Ladies and gentlemen,
we regret to inform you that the symphony concert scheduled for 16 March has been cancelled.
Tickets purchased for cancelled or rescheduled concerts are refundable - at the Warsaw Philharmonic box offices or via the bilety24.pl service, if you have made an online purchase.
For more information, please contact bilety@filharmonia.pl
Pyotr Tchaikovsky spent the spring of 1878 by Lake Geneva, healing the spiritual wounds of a disastrous three-month marriage, which brought on a bout of severe depression and a suicide attempt. In the Alpine landscape, however, his sorrows receded and he found himself at peace once more, and the optimism of spring was soon expressed in a new composition – Violin Concerto in D Major, Tchaikovsky’s only work for this instrument and a milestone in the history of violin music. The work is dominated by moods ranging from cheerful lyricism to spontaneous joy and vitality, expressed by motifs of brisk Russian dances in the finale. The first addressee of the dedication, Leopold Auer, a famous Russian-based violinist of Hungarian origin, refused point blank to perform its premiere. Other rejections followed, and it took three years before Adolf Brodsky (to whom the piece was dedicated in the end) decided to risk tackling the Concerto, and Vienna was chosen as the venue for its debut (22 November 1881). It could hardly have been a worse choice. The conservative audience, still under the spell of Brahms and the great classical composers, booed the work, and the guru of Viennese criticism, Eduard Hanslick, wrote his probably most famous and spiteful review. Fortunately, however, later violinists (including even Auer, a few years later) included Concerto in D Major in their repertoire, and audiences very quickly began to appreciate its originality and beauty.

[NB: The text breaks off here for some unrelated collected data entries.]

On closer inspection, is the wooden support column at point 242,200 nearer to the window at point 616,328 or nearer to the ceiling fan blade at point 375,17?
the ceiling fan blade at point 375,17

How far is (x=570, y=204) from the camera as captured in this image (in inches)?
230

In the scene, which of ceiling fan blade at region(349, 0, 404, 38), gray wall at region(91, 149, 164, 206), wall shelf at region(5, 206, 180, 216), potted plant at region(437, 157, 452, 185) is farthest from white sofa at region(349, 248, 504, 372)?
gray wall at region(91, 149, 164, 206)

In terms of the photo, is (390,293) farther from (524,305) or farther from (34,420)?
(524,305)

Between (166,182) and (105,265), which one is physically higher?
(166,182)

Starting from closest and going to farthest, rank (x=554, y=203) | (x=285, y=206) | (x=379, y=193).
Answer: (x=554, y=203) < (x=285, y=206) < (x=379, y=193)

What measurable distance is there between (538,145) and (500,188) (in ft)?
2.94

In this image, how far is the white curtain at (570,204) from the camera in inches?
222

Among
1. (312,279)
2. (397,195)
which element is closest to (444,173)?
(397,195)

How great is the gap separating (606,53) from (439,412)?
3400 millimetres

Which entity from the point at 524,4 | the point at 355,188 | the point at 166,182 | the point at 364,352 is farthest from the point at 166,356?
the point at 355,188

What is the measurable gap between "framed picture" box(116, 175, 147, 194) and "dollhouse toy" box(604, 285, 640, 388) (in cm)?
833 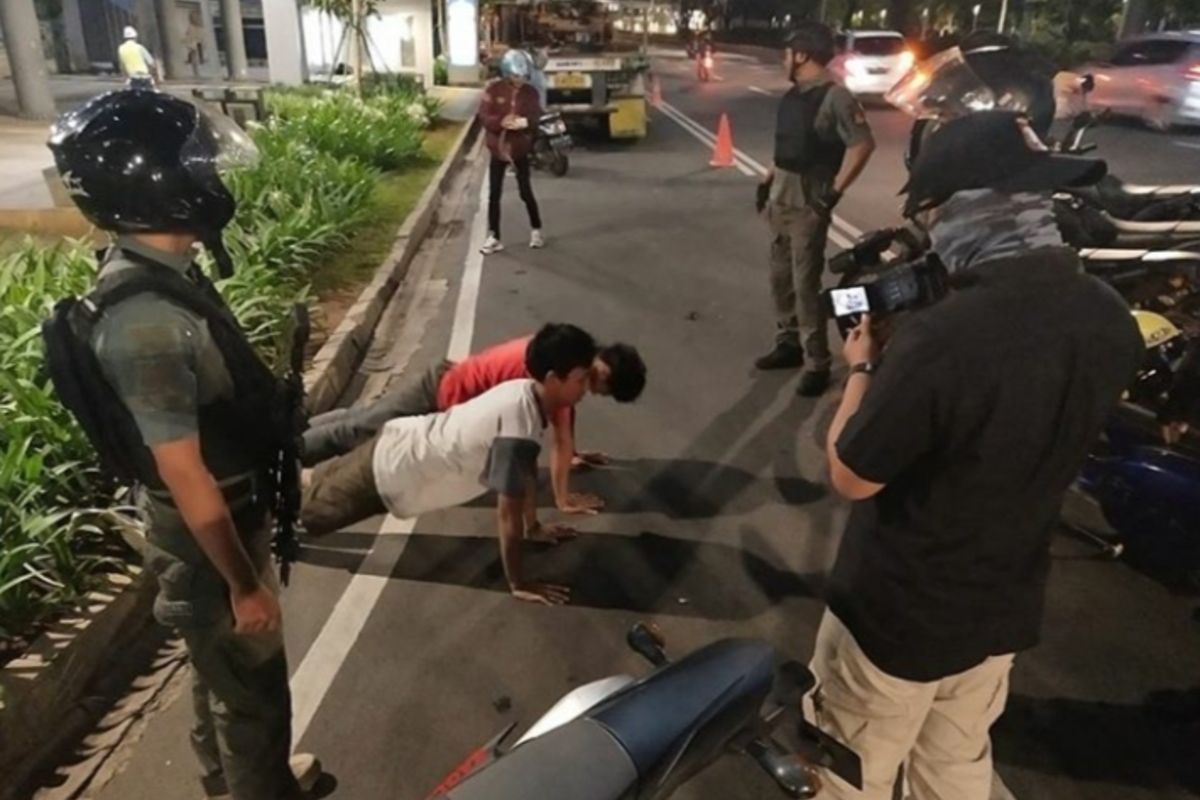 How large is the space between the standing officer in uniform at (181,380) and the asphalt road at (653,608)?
839 mm

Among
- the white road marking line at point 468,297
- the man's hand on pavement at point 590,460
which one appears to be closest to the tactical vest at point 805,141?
the man's hand on pavement at point 590,460

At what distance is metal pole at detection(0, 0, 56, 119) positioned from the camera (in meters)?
16.2

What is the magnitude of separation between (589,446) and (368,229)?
16.6 feet

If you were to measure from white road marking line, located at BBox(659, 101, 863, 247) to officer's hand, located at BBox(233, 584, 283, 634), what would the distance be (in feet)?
20.1

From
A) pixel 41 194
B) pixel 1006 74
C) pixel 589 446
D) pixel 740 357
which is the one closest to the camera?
pixel 1006 74

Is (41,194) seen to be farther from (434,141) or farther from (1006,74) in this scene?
(1006,74)

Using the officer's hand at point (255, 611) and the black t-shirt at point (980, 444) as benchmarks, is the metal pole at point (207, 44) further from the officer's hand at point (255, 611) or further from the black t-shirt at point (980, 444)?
the black t-shirt at point (980, 444)

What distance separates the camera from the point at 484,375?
12.8ft

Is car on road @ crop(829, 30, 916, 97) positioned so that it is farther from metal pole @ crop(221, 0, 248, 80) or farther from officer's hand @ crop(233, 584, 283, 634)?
officer's hand @ crop(233, 584, 283, 634)

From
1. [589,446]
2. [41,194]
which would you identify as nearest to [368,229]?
[41,194]

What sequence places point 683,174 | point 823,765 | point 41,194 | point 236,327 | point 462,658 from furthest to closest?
point 683,174 → point 41,194 → point 462,658 → point 236,327 → point 823,765

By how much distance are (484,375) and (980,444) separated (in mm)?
2452

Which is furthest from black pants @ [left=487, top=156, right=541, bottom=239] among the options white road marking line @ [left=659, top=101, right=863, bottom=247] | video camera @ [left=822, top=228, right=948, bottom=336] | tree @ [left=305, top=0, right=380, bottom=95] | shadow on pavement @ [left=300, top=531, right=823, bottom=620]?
tree @ [left=305, top=0, right=380, bottom=95]

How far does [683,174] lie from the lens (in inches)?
508
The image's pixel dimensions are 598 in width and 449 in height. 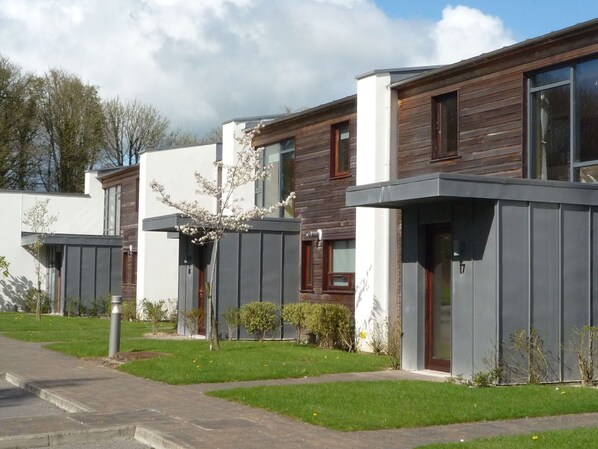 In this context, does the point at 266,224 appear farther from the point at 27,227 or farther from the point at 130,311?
the point at 27,227

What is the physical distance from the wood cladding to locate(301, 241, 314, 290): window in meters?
4.70

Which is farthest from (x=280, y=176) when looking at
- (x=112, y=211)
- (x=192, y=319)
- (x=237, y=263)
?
(x=112, y=211)

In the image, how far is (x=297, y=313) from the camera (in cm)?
2141

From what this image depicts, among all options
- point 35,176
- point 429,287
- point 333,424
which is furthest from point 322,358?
point 35,176

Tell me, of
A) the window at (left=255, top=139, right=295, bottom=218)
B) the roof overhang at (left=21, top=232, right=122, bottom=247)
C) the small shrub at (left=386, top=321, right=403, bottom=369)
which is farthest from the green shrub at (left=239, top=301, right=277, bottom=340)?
the roof overhang at (left=21, top=232, right=122, bottom=247)

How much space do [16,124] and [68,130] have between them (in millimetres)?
3695

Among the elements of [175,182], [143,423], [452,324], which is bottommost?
[143,423]

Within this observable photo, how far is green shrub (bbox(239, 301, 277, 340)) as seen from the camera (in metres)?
22.6

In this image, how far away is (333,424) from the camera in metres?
10.6

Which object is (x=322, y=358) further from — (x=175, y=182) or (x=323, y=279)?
(x=175, y=182)

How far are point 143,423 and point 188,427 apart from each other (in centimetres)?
59

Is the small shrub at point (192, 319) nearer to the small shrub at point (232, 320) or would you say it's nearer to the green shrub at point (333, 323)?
the small shrub at point (232, 320)

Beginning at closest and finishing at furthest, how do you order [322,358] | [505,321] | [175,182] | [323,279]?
[505,321] → [322,358] → [323,279] → [175,182]

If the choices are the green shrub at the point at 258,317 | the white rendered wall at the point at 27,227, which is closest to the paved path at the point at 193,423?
the green shrub at the point at 258,317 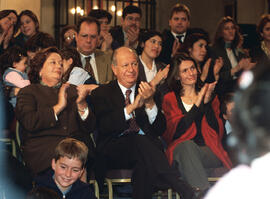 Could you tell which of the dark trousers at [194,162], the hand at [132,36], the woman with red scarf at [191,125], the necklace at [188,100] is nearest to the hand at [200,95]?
the woman with red scarf at [191,125]

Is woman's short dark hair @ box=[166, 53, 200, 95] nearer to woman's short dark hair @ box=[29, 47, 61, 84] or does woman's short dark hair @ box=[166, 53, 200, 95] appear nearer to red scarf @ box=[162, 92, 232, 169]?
red scarf @ box=[162, 92, 232, 169]

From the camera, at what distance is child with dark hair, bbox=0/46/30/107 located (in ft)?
12.2

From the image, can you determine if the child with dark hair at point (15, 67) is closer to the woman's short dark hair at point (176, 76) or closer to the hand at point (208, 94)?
the woman's short dark hair at point (176, 76)

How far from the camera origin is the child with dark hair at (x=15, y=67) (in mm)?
3727

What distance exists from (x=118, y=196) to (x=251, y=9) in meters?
5.78

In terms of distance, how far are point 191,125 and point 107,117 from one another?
71 centimetres

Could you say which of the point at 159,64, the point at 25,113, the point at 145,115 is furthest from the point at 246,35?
the point at 25,113

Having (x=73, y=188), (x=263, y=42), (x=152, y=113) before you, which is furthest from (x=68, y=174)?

In its ideological vision (to which the motto per aspera ad astra, typical of many Romantic works, can be applied) Tchaikovsky’s Symphony No. 5 in E Minor, Op. 64 (1888) is sometimes compared to Beethoven’s famous symphony of the same number, and the main theme of its first movement is also sometimes dubbed the “fate motif”. After all, the emotional range of this masterpiece of Russian music – from tragedy at the beginning to triumph in the finale – is even more prominent. Symphony in E Minor is also an emblematic work, one of those examples of music that appear to perfectly encapsulate the style of its creator (and also the neo-Romantic idiom of the music of his homeland). For this reason, in spite of initial criticism, it has enjoyed unflagging popularity.